## Work required
The answer must consist only of the lines from the line with "HYP3R.POP-UP  STANIE jeng  URBAN 13" to the line with "Doctor Who - 9th", both included, exactly as they stand below.

Stored entries
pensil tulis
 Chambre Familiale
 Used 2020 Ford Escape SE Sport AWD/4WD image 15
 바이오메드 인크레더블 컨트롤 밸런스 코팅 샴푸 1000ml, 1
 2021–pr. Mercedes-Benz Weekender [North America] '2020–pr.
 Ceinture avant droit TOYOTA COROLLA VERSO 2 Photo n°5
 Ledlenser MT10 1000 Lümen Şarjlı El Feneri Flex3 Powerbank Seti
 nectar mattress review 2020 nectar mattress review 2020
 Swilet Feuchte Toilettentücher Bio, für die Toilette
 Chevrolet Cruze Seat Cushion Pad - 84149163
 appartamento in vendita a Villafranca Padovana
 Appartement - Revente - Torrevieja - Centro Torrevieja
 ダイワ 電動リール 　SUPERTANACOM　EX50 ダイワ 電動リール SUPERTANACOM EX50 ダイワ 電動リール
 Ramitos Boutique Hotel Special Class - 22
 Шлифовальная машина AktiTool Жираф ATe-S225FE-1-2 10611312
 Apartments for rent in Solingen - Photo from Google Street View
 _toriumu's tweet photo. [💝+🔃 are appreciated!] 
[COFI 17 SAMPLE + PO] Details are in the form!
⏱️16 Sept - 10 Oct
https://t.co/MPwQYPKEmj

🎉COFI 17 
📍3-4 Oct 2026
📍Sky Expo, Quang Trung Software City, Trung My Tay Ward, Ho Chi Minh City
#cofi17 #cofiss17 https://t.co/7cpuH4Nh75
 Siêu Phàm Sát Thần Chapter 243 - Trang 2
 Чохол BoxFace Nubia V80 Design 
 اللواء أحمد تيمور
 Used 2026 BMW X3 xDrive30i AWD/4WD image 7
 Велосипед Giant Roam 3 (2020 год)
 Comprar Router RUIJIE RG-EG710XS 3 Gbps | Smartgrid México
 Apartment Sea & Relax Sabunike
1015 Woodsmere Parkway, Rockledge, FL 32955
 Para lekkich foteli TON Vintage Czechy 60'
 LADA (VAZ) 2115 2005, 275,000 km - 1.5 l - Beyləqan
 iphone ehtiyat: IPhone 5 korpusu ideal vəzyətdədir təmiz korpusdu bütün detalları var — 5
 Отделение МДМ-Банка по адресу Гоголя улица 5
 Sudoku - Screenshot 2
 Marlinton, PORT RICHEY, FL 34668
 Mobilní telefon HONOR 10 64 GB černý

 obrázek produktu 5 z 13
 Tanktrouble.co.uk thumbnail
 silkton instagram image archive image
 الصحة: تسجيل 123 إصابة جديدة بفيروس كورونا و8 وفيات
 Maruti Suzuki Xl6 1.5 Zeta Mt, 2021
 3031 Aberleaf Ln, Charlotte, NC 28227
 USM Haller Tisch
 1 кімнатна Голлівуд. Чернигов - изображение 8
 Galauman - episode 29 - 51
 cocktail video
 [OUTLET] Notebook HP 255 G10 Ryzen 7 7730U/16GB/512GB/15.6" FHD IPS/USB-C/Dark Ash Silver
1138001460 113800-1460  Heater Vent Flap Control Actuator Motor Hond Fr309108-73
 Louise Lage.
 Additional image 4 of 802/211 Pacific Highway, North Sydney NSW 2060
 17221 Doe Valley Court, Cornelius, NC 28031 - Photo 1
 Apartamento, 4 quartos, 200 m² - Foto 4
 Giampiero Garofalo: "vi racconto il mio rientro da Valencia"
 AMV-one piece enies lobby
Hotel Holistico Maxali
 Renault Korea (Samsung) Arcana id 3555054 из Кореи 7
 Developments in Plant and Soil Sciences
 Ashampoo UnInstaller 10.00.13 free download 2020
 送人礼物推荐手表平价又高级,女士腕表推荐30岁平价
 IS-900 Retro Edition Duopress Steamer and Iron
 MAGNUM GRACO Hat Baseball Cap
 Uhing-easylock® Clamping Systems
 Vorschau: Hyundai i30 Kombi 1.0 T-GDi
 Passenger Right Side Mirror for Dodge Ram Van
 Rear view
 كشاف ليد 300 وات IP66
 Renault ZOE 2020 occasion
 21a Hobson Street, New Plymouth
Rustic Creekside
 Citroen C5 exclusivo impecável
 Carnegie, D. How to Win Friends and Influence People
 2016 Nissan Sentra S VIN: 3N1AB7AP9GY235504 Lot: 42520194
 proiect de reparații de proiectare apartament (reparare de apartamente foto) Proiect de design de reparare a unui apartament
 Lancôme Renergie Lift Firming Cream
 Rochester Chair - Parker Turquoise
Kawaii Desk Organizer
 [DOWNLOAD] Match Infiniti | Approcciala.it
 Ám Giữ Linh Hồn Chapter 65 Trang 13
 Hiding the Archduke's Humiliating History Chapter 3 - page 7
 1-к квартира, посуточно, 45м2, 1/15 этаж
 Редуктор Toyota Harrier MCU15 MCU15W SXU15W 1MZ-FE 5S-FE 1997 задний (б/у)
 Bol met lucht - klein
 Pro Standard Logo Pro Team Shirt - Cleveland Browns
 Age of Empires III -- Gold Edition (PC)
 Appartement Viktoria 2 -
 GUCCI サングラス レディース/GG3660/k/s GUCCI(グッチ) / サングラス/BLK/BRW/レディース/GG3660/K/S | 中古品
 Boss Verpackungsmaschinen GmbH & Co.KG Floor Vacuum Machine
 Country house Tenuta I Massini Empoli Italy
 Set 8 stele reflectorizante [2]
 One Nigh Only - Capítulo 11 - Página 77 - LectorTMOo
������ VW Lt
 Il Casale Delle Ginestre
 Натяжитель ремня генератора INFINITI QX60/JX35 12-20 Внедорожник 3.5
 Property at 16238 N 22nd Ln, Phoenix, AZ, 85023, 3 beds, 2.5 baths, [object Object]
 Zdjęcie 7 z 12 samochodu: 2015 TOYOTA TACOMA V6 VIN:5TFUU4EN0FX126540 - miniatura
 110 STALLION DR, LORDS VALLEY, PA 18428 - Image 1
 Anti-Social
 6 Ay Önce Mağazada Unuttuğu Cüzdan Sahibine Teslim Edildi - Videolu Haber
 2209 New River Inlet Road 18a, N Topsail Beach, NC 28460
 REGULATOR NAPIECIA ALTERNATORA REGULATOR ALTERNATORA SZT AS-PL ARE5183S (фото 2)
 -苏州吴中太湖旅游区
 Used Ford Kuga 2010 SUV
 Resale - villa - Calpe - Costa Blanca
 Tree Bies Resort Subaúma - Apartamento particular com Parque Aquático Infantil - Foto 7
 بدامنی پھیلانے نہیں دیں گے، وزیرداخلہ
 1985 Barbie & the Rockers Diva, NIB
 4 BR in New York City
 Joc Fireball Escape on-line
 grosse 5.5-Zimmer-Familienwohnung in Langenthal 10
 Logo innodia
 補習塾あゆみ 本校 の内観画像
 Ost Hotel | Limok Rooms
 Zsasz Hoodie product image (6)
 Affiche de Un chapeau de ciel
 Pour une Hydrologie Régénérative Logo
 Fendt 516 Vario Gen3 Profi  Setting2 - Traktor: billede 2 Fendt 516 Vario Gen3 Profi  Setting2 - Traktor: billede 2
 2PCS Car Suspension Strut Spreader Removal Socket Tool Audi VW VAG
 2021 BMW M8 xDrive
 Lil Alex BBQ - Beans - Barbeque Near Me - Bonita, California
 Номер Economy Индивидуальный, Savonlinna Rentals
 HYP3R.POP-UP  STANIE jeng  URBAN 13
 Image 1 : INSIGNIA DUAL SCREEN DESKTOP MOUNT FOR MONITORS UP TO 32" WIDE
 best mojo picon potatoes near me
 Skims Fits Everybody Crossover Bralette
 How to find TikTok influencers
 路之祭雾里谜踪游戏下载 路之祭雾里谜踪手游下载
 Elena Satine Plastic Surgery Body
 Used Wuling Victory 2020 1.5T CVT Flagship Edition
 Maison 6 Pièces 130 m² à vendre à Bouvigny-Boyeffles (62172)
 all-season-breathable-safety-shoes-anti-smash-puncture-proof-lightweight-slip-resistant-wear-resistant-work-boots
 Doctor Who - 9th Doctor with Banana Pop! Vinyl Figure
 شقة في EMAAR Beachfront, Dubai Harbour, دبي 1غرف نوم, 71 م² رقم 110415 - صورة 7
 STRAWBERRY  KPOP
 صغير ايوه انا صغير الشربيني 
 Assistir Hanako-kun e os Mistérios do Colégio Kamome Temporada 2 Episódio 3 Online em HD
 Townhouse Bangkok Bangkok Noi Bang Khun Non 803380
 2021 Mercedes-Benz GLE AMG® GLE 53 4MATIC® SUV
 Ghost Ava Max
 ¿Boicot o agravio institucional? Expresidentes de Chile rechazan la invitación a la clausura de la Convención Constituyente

## Problem solution
 HYP3R.POP-UP  STANIE jeng  URBAN 13
 Image 1 : INSIGNIA DUAL SCREEN DESKTOP MOUNT FOR MONITORS UP TO 32" WIDE
 best mojo picon potatoes near me
 Skims Fits Everybody Crossover Bralette
 How to find TikTok influencers
 路之祭雾里谜踪游戏下载 路之祭雾里谜踪手游下载
 Elena Satine Plastic Surgery Body
 Used Wuling Victory 2020 1.5T CVT Flagship Edition
 Maison 6 Pièces 130 m² à vendre à Bouvigny-Boyeffles (62172)
 all-season-breathable-safety-shoes-anti-smash-puncture-proof-lightweight-slip-resistant-wear-resistant-work-boots
 Doctor Who - 9th Doctor with Banana Pop! Vinyl Figure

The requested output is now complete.